Executed: Mon Mar 27 11:37:59 2017

Duration: 8 seconds.

usALEX-5samples - Template

This notebook is executed through 8-spots paper analysis. For a direct execution, uncomment the cell below.



In [1]:

    
ph_sel_name = "AexAem"



In [2]:

    
data_id = "12d"



In [3]:

    
# ph_sel_name = "all-ph"
# data_id = "7d"

Load software and filenames definitions



In [4]:

    
from fretbursts import *









    



 - Optimized (cython) burst search loaded.
 - Optimized (cython) photon counting loaded.
--------------------------------------------------------------
 You are running FRETBursts (version 0.5.9).

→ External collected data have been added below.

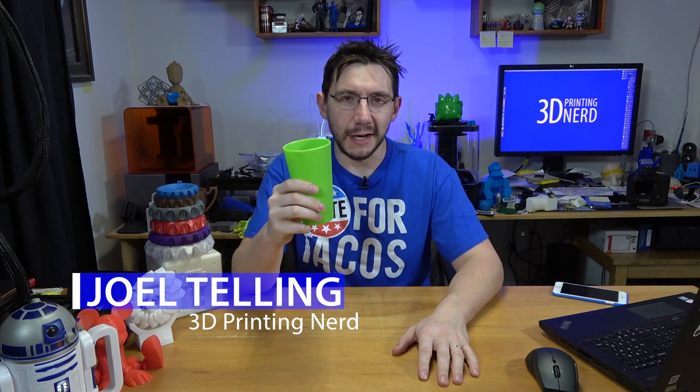Hey, it's Joel, the 3D printing nerd, and I've actually got ice water. I already had my Red Bull for the day. I try to limit myself to one sugar-free Red Bull per day, so water is healthy and it's good to drink, so cheers, mates.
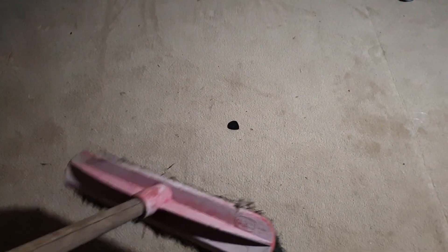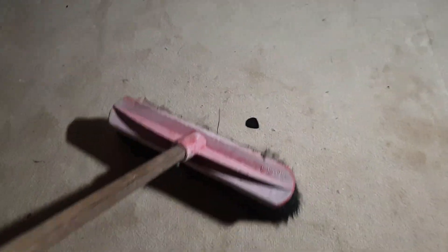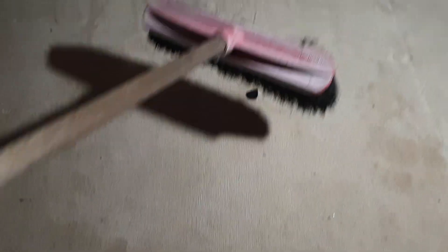Alright, first you're gonna need yourself a pick, and a broom. There you have it — that sweet pick. It works better on smooth surfaces; doesn't really work very good on carpet, I found that out tonight.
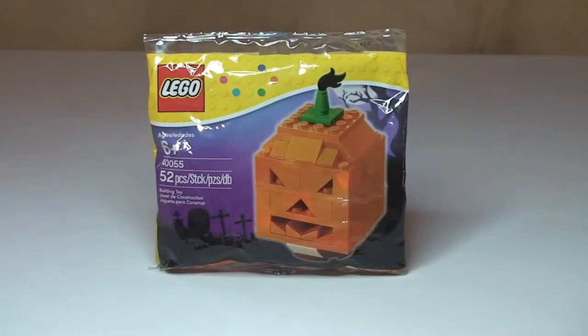Hello LEGO fans, adult fan of LEGO here and welcome to this polybag review, unbagging and build. As you can see, this is polybag set 40055 — the Halloween pumpkin.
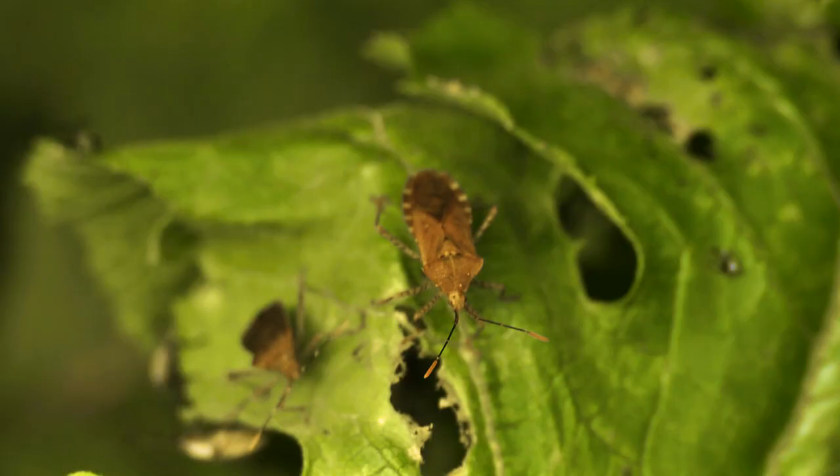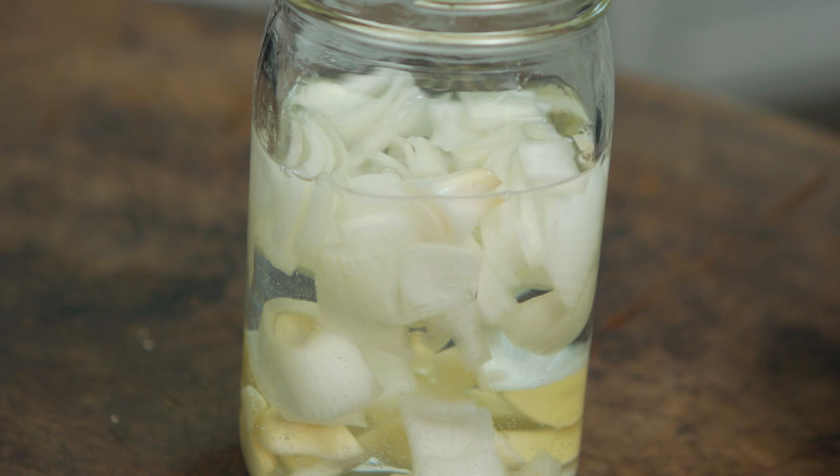Squash bugs are nasty little pests and can be difficult to control, and in many cases can wipe out an entire crop of squash if left untreated. We've got an all-natural do-it-yourself soil treatment that will help keep those squash bugs at bay.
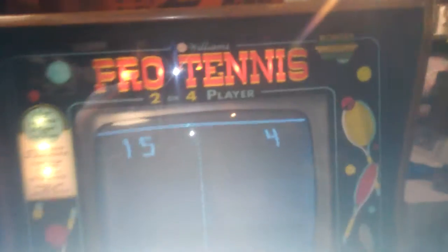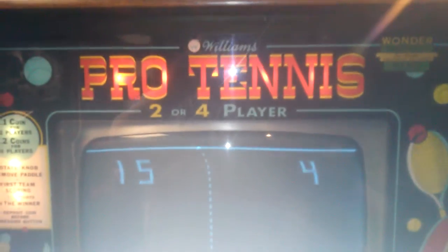This is the first game I got when I got back into collecting five years ago, but today is the first time it's ever really been a hundred percent, because when I got it the paddles were too jittery to play. You'd turn it up and down and the paddle would jump all over the place and you couldn't play it.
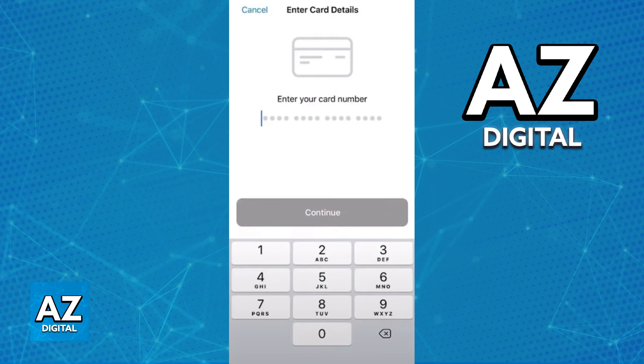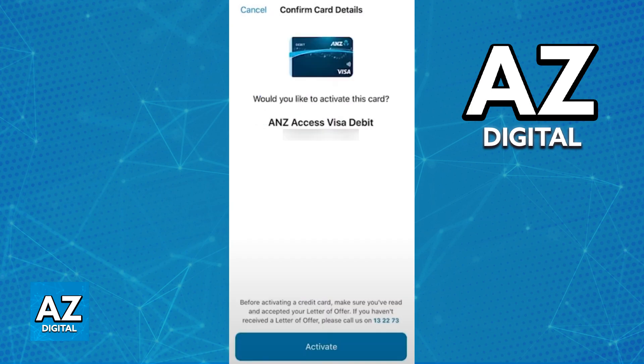Immediately upon tapping Activate Card, all you have to do is follow the instructions on screen. To summarize the process, all that you have to do is include the full card number and then tap Continue. After you include a valid and legitimate card number after you received your debit card, tap Continue — it is going to be verified and you will see it on the screen. Double check to see if the card type and number is correct and just go ahead and tap Activate.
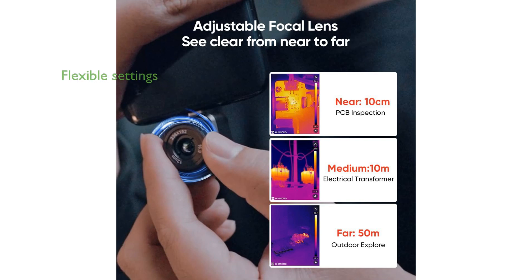Its flexible measurement settings include automatic center spot, hot spot, and cold spot recognition, along with 15 customizable color palettes for optimal temperature analysis.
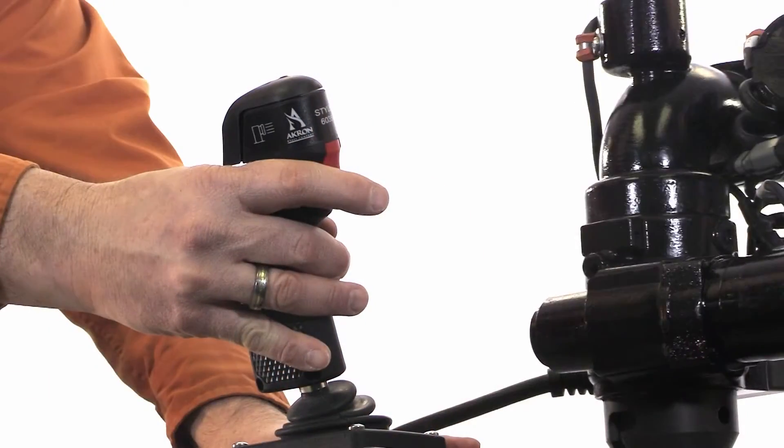Here we have a standard joystick. You can see the monitor responds when you hold the joystick in the direction you want to go.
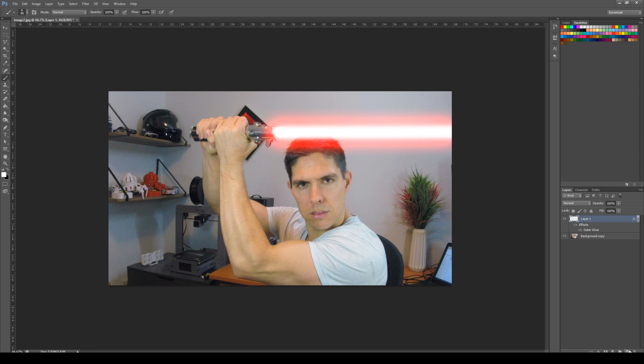Next thing we're going to do is create another new layer. And while we're here so it doesn't get confusing, we might as well rename some of these. This one I'm going to call Red Glow. Now at the moment the lightsaber looks like a lightsaber — we've done exactly what we need to there. But the problem is if I was really holding something in front of me that was glowing that bright red, I would expect to see myself lit up from that. At the moment I don't have anything like that, and therefore it loses realism. So let's fix this problem now.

 If you use this software please cite the following paper:

   FRETBursts: An Open Source Toolkit for Analysis of Freely-Diffusing Single-Molecule FRET
   Ingargiola et al. (2016). http://dx.doi.org/10.1371/journal.pone.0160716 

--------------------------------------------------------------



In [5]:

    
init_notebook()
from IPython.display import display

Data folder:



In [6]:

    
data_dir = './data/singlespot/'

Check that the folder exists:



In [7]:

    
import os
data_dir = os.path.abspath(data_dir) + '/'
assert os.path.exists(data_dir), "Path '%s' does not exist." % data_dir

List of data files in data_dir:



In [8]:

    
from glob import glob



In [9]:

    
file_list = sorted(f for f in glob(data_dir + '*.hdf5') if '_BKG' not in f)
file_list









    Out[9]:





['/Users/anto/Google Drive/notebooks/multispot_paper/data/singlespot/004_dsDNA_17d_green100u_red40u.hdf5',
 '/Users/anto/Google Drive/notebooks/multispot_paper/data/singlespot/005_dsDNA_27d_green100u_red40u.hdf5',
 '/Users/anto/Google Drive/notebooks/multispot_paper/data/singlespot/006_dsDNA_7d_green100u_red40u.hdf5',
 '/Users/anto/Google Drive/notebooks/multispot_paper/data/singlespot/007_dsDNA_12d_3nM_green100u_red40u.hdf5',
 '/Users/anto/Google Drive/notebooks/multispot_paper/data/singlespot/008_dsDNA_22d_500pM_green100u_red40u.hdf5',
 '/Users/anto/Google Drive/notebooks/multispot_paper/data/singlespot/2012-12-06_001_4 Channel Dark Count.hdf5']



In [10]:

    
## Selection for POLIMI 2012-12-6 dataset
# file_list.pop(2)
# file_list = file_list[1:-2]
# display(file_list)
# labels = ['22d', '27d', '17d', '12d', '7d']



In [11]:

    
## Selection for P.E. 2012-12-6 dataset
# file_list.pop(1)
# file_list = file_list[:-1]
# display(file_list)
# labels = ['22d', '27d', '17d', '12d', '7d']



In [12]:

    
## Selection for POLIMI 2012-11-26 datatset
labels = ['17d', '27d', '7d', '12d', '22d']



In [13]:

    
files_dict = {lab: fname for lab, fname in zip(labels, file_list)}
files_dict









    Out[13]:





{'12d': '/Users/anto/Google Drive/notebooks/multispot_paper/data/singlespot/007_dsDNA_12d_3nM_green100u_red40u.hdf5',
 '17d': '/Users/anto/Google Drive/notebooks/multispot_paper/data/singlespot/004_dsDNA_17d_green100u_red40u.hdf5',
 '22d': '/Users/anto/Google Drive/notebooks/multispot_paper/data/singlespot/008_dsDNA_22d_500pM_green100u_red40u.hdf5',
 '27d': '/Users/anto/Google Drive/notebooks/multispot_paper/data/singlespot/005_dsDNA_27d_green100u_red40u.hdf5',
 '7d': '/Users/anto/Google Drive/notebooks/multispot_paper/data/singlespot/006_dsDNA_7d_green100u_red40u.hdf5'}



In [14]:

    
ph_sel_map = {'all-ph': Ph_sel('all'), 'AexAem': Ph_sel(Aex='Aem')}
ph_sel = ph_sel_map[ph_sel_name]

data_id, ph_sel_name









    Out[14]:





('12d', 'AexAem')

Data load

Initial loading of the data:



In [15]:

    
d = loader.photon_hdf5(filename=files_dict[data_id])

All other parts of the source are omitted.